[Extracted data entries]
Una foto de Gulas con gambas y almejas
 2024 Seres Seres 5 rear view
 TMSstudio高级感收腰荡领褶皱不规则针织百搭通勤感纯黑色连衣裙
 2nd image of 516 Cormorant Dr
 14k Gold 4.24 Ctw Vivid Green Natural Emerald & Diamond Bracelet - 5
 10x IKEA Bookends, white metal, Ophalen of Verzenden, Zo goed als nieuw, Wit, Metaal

■ **Exercise aim**: Please output the complete set of records above without any alteration.

■ **Solution below**:
Una foto de Gulas con gambas y almejas
 2024 Seres Seres 5 rear view
 TMSstudio高级感收腰荡领褶皱不规则针织百搭通勤感纯黑色连衣裙
 2nd image of 516 Cormorant Dr
 14k Gold 4.24 Ctw Vivid Green Natural Emerald & Diamond Bracelet - 5
 10x IKEA Bookends, white metal, Ophalen of Verzenden, Zo goed als nieuw, Wit, Metaal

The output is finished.